La vie est une vieille amante capricieuse. Un matin elle vous expulse de sa couche sans ménagement ; le soir elle vous tend la fesse, le sourire en coin. Certains jours gris c'est salsifis et vinaigrette rance tandis que d'autres m'offrent blinis et tarama. Et ces blinis prennent parfois la forme d'une bonne trouvaille dans un morne recoin de vitrine d'un dealer d'occasion tout aussi morne. J'arrête de suite avec les analogies culinaires, ça me donne faim et c'est idiot.
On parle de bonne surprise donc. You said it bouffi. Je ne savais rien de ce que renfermait cette gangue de plastique polie par les ans lorsque je fit tinter un trio d'euros dans les mains grasses du dealer d'occasion susnommé. L'aventure. La moiteur du souffle des promesses de l'inconnu. La paléontologie du pixel. Une sorte d'Howard Carter devant le tombeau de Toutankhamon, les risques de mort par malaria en moins. Bref, je gratte, creuse et époussette en entretenant le fluet espoir d'exhumer un joyau précieux, à défaut une babiole à revendre au marché noir. Métaphoriquement parlant. Et le moins que je puisse dire dans le cas présent, c'est que je ne regrette pas d'avoir dépensé l'équivalent d'un pack de bière de table. Foutre non. Car ce que j'ai arraché de la vitrine des marchands du temple, c'est Hagane. Hagane, c'est un peu celui qui a manqué la sortie de la nationale du tout venant vers l'autoroute de la gloire. Et pourtant, tout était là pour cuisiner la recette d'un succès. Décortiquons un peu tout ceci.
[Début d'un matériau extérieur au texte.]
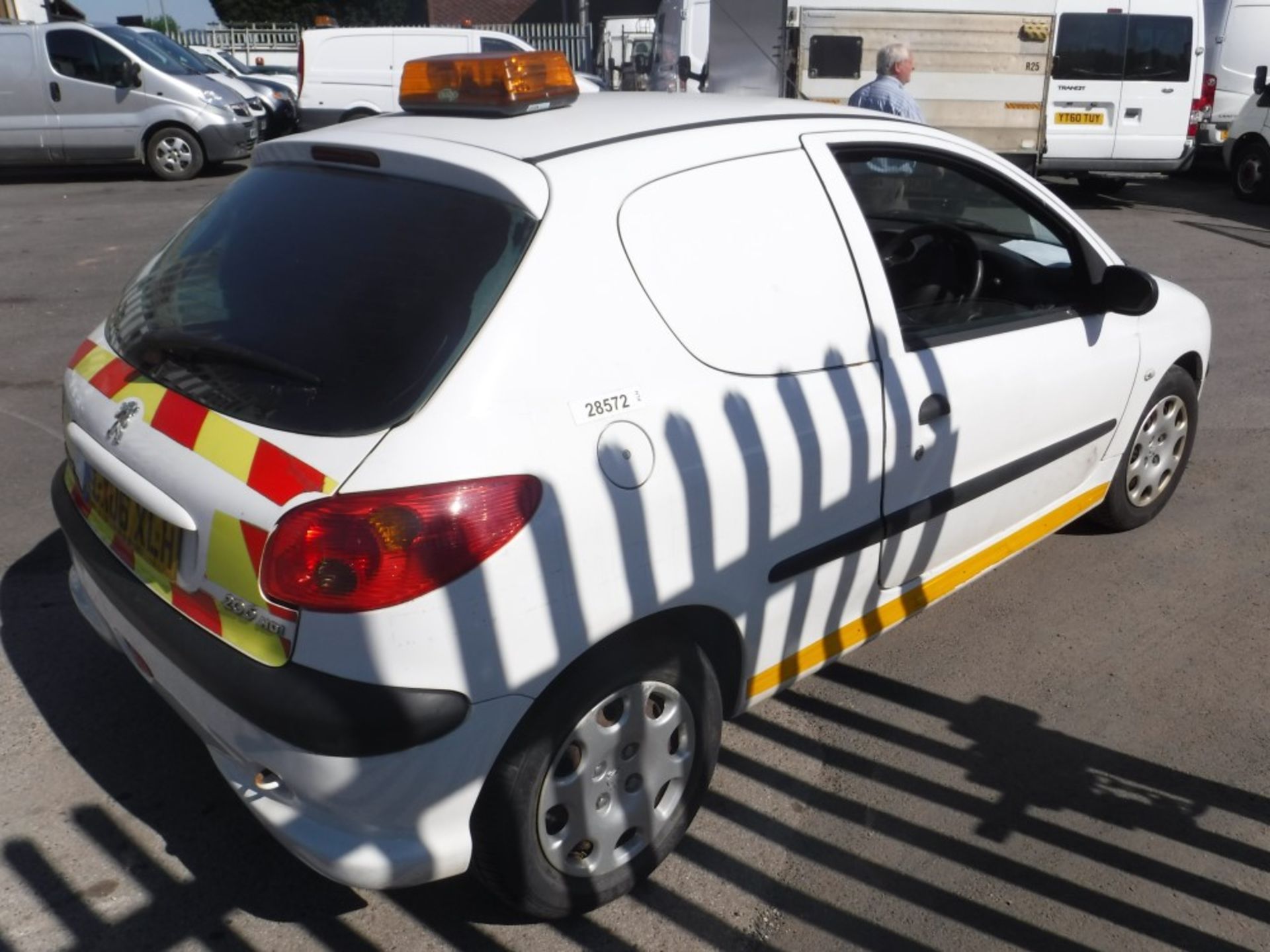 06 reg PEUGEOT 206 TD VAN, 1ST REG 03/06, TEST 01/19, 97000M WARRANTED, PART V5 - NO GREEN SLIP, 1 - Bild 4 aus 5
Japon, époque incertaine. Probablement un de ces vagues futurs hypothétiques, purs prétextes à des cabrioles scénaristiques et pirouettes visuelles. Parfait. On aime ça, on en redemande en claquant des mains. Ici, c'est plus précisément un mélange d'inspiration vaguement technologico-médiévale dont il est question. Des robots au milieux des pagodes. J'aime. Un peu comme un garde suisse dans un Apple Store mais en moins grotesque et surtout plus utile. Mon samouraï chez les cyborgs si vous voulez. Admettons. Je hume un léger fumet de Shinobi mais n'en disons pas trop pour le moment.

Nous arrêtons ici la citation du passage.